Variables for spotify data.frame

The following are the variables present in the spotify data.frame.

-‘pid’ -‘playlist_name’ -‘pos’ -‘artist_name’ -‘track_name’ -‘duration_ms’ -‘album_name’

Figure 1

Provide a ggplot barchart of the top 10 spotify artists.

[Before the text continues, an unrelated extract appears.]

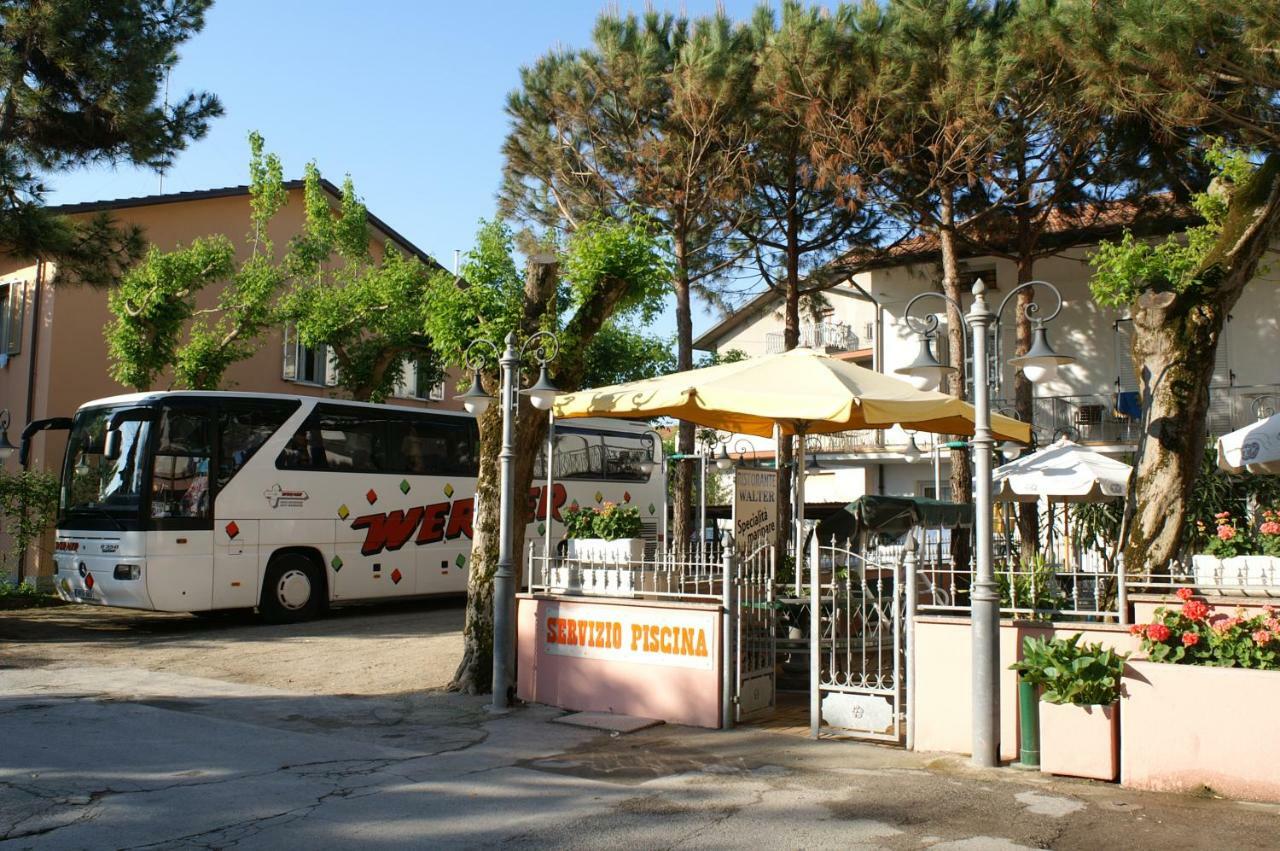 Hotel Walter Gatteo a Mare Esterno foto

top_artists <- spotify %>% 
  group_by(artist_name) %>%
  summarise(total_playlists = n_distinct(pid)) %>%
  top_n(10, total_playlists)

ggplot(top_artists, aes(x = reorder(artist_name, -total_playlists), y = total_playlists)) +
  geom_bar(stat = "identity", fill = "coral") +
  labs(title = "Top 10 Artists in Playlists",
       x = "Artist Name",
       y = "Number of Playlists") +
  theme_minimal() +
  theme(axis.text.x = element_text(angle = 45, hjust = 1))

Figure 2

Create both (1) a ggplot and (2) a simple comment to describe the distribution of ‘pos’ in playlists 🎸

library(ggplot2)

ggplot(spotify, aes(x = pos)) +
  geom_histogram(binwidth = 1, fill = "skyblue", color = "black") +
  labs(title = "Distribution of Position in Playlists",
       x = "Position",
       y = "Frequency") +
  theme_minimal()

The above figure shows us that the ones postion increases with a decrease in frequency, and vice versa, on spotify.

Figure 3

Provide both (1) a scatter plot (2) that shows the relationship between the ‘pos’ and the ‘duration_ms’ of the track 🎧

library(ggplot2)

set.seed(123)
random_subset <- spotify[sample(nrow(spotify), 500), ]

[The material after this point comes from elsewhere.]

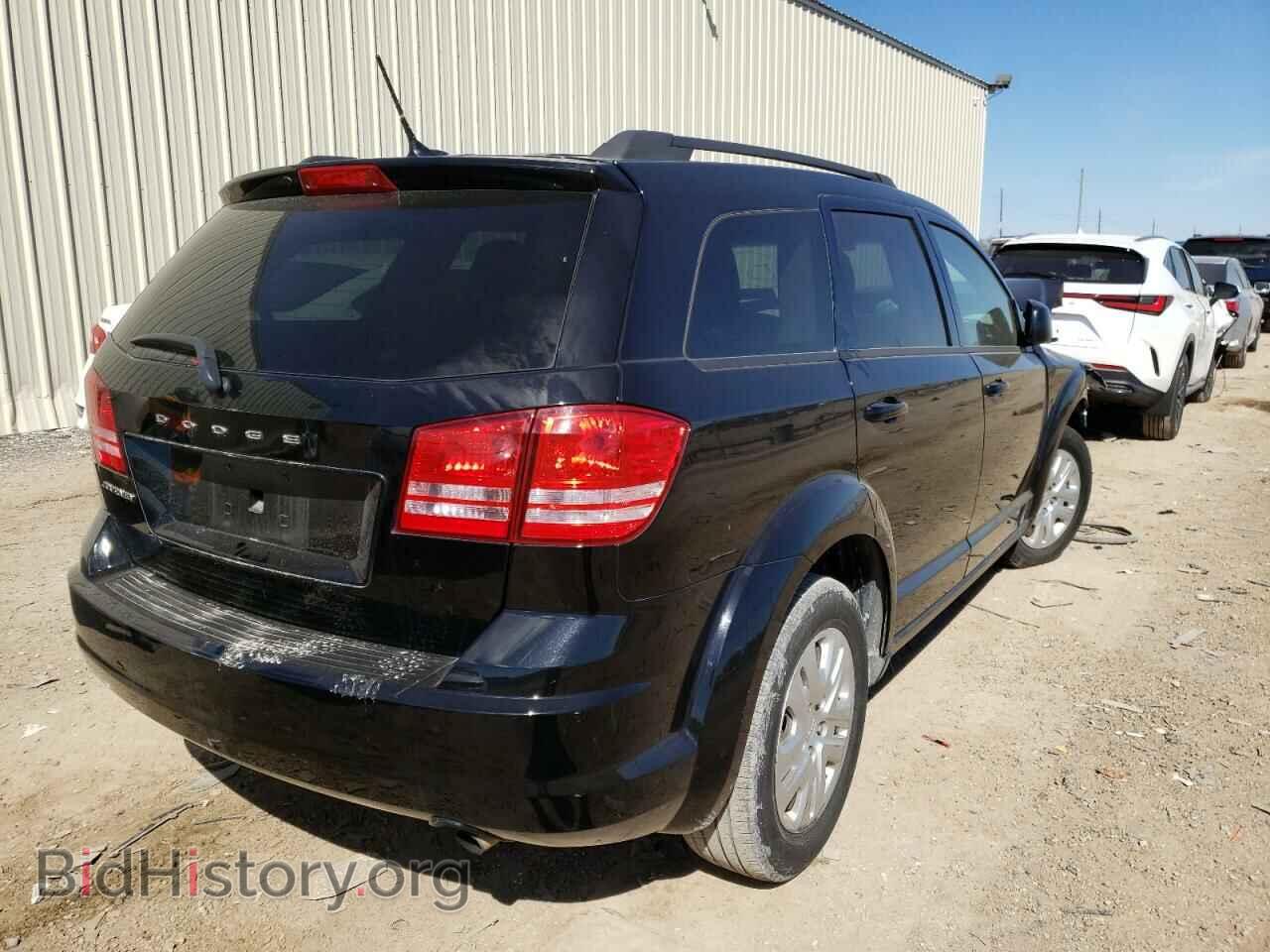 2016 DODGE JOURNEY - VIN: 3C4PDCAB3GT171830 - Фото 4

ggplot(random_subset, aes(x = pos, y = duration_ms)) +
  geom_point(color = "orange", alpha = 0.7) +
  labs(title = "Scatter Plot of Position vs. Track Duration",
       x = "Position in Playlist",
       y = "Duration (ms)") +
  theme_minimal()

In this example, I created a ggplot function to create a scatter plot, mapping the x-axis to the position in the playlist (pos) and the y-axis to the duration of the track (duration_ms). By using a random subset of 500 points for better visualization, it was found that most songs fall along a similar duration regardless of their position in the playlist.